Alta Journal is pleased to present the final installment of a five-part original series by historian and longtime Alta contributor William Francis Deverell. The twisty, suspenseful story of the disappearance of Deverell’s great-uncle Francis, it begins in snowy upstate New York before moving to Europe and Los Angeles. As Deverell searches for his missing namesake, he discovers more than he bargained for.
In Part Four, Deverell tracked down Harry Wheeler, the man once known as John Francis Daly.Harry Wheeler’s granddaughter, Kathleen Hoffer, whose father was Eugene (the older boy in the above picture), has helped me immeasurably in my search for the man my family knew as Francis. Across a range of email conversations, Kathleen, my father’s newfound cousin, has provided me with Wheeler family information and essentially told me that she and her kin always wondered why Grandpa Harry did not have much of a “backstory.” Kathleen, her siblings, and Wheeler cousins are kin that my dad never got the chance to meet.
I will go to a meeting of historians of the American West in the fall.

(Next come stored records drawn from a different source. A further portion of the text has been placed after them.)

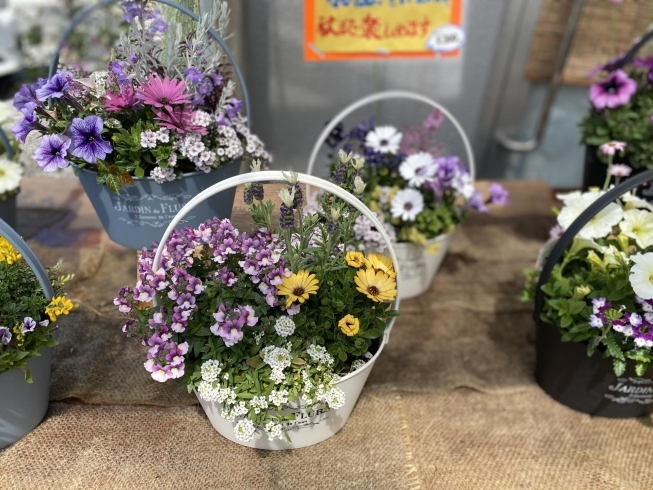 「寄せ植えで気分も元気に☆」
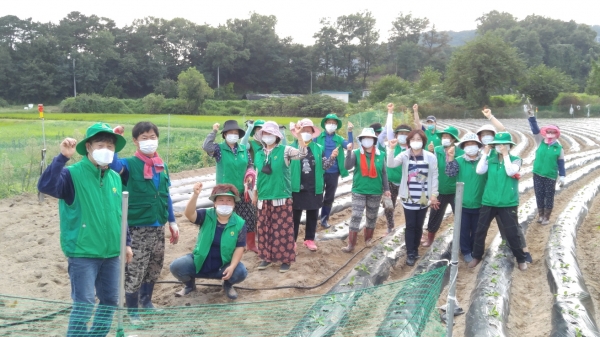 사랑의 배추 모종 심기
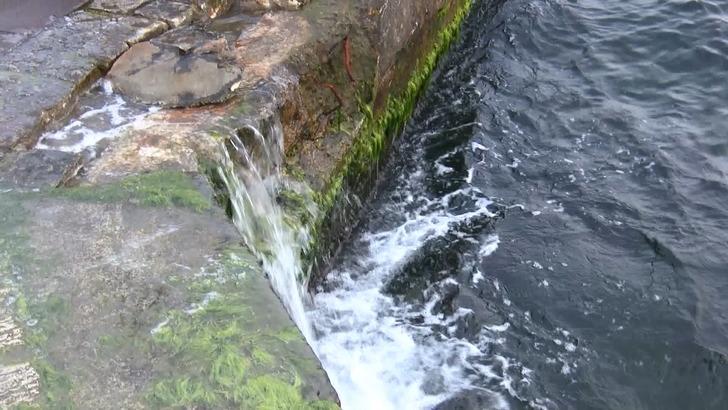 Marmara alarm veriyor! Tedbir alınması için uyardı: Canlı yaşamı sona erebilir G3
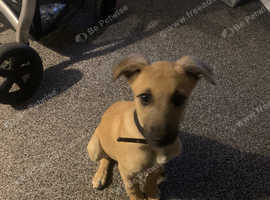 For sale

It will be held where Kathleen lives, and we are excited to meet for the first time in person. I will thank her for how much she has helped me and my dad get to know Francis as Harry and to realize that they were the same man.
Is there a family that doesn’t have a Francis in its tree?
Of course not. Sifting through the scattered details of Francis’s double life, I’m not sure if this is the story of one family and the son who escaped them or something larger, a story of a brutal world war and one frontline cook’s attempt to put himself as far away from that experience as possible. Was Francis shrugging off the Daly family a selfish act? Maybe, but if he’d stayed in Rochester, there would be no Wheeler family.
In the end, my thoughts return to that attic on Devon Road. Reflecting on that boyhood marked by loss and sadness, I smile when I think of my dad in that doughboy uniform, charging left and right at unseen wartime enemies up in the eaves of that small house. Of course, he could have done just the same had Francis stayed, he could have played soldier with Francis, but knowing what his namesake experienced, that seems unlikely. (I doubt many World War I veterans played much soldier after coming home.) It made my dad happy to see Francis, even if he had become Harry, put back on the family tree. My father didn’t live long enough to learn as much as I did about Harry, but he knew we’d found his long-lost uncle. I’m sad that I lost Dad before he’d gotten more of Francis—and, honestly, that I’d gotten more of him—but I’m glad that the journey led me to relations I never would have otherwise known about, much less had the chance to meet face-to-face. And it makes me smile to think of my dad asking for my help in that.
I think Francis, before he became Harry, felt caught between the traumatic poles of a horrible war and the strictures of the Catholic Church. That looks to me like desperation. As Harry Wheeler, I think he tried to forget. But we can see even in the names he chose for his children that he could not, that he did not.
My father’s sister Jean once told me something that I cannot shake. When I told her, not long before she died, that we had found Francis, her eyes lit up. “When I was a very little girl,” she said, “my mother took the two of us”—my dad was not yet born—“on a long train ride to California. We were so excited. Mother told us that we were going to meet someone.”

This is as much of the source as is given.